▸ Information supplied:
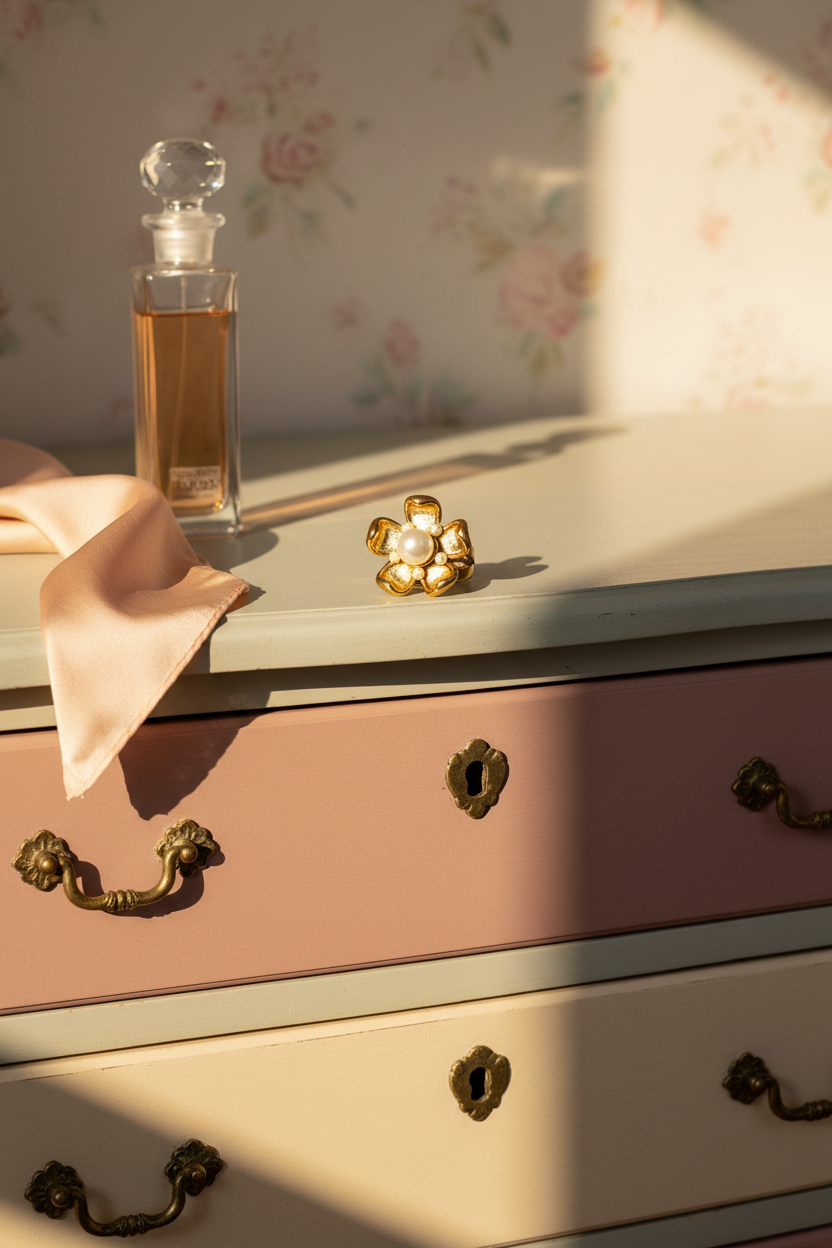 Dew Drop on Feminine Dresser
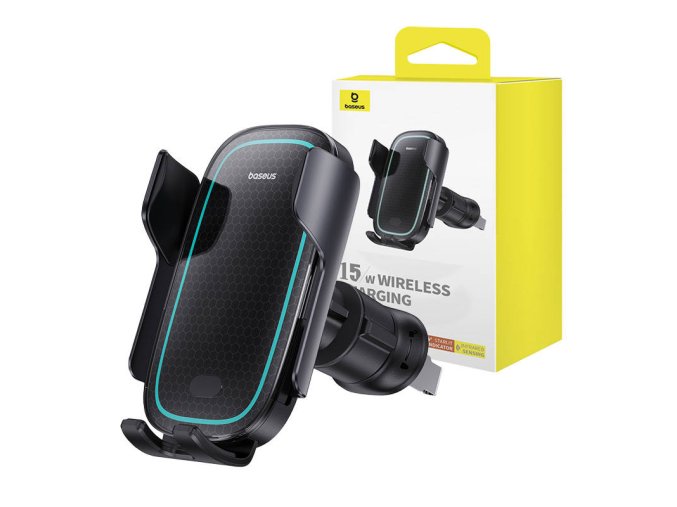 Bezdrátový nabíjecí držák do auta Baseus MilkyWay Pro 15W (černý)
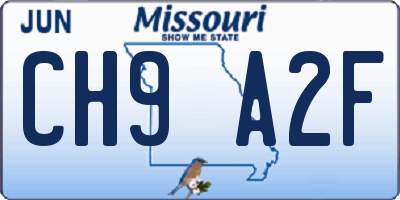 MO license plate CH9A2F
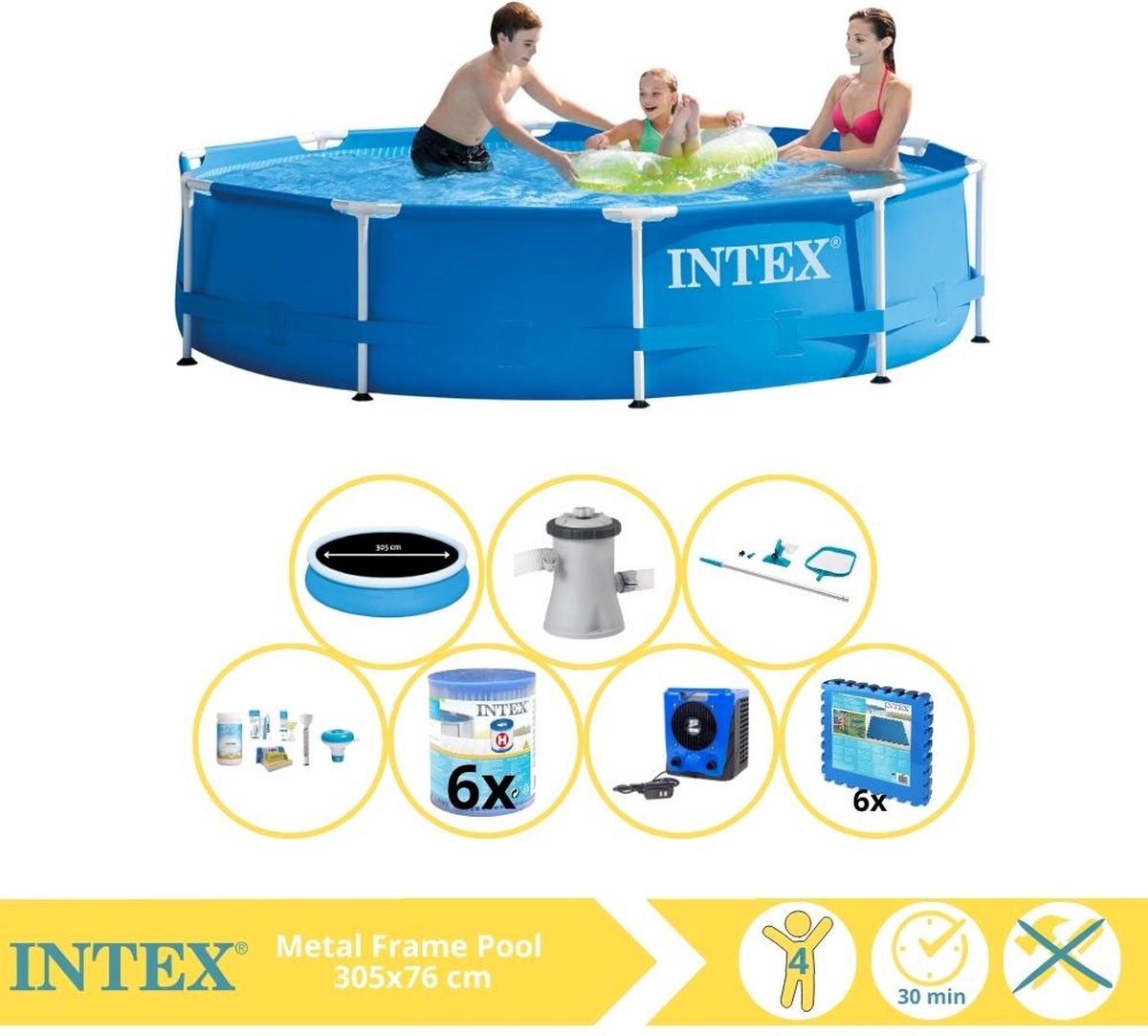   Metal Frame Zwembad - Opzetzwembad - 305x76 cm - Inclusief Solarzeil, Onderhoudspakket, Filter, Onderhoudsset, Zwembadtegels en Warmtepomp HS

▸ Problem: Leave the images out and transcribe the remaining data above word for word.

▸ Response to the task:
 Dew Drop on Feminine Dresser
 Bezdrátový nabíjecí držák do auta Baseus MilkyWay Pro 15W (černý)
 MO license plate CH9A2F
   Metal Frame Zwembad - Opzetzwembad - 305x76 cm - Inclusief Solarzeil, Onderhoudspakket, Filter, Onderhoudsset, Zwembadtegels en Warmtepomp HS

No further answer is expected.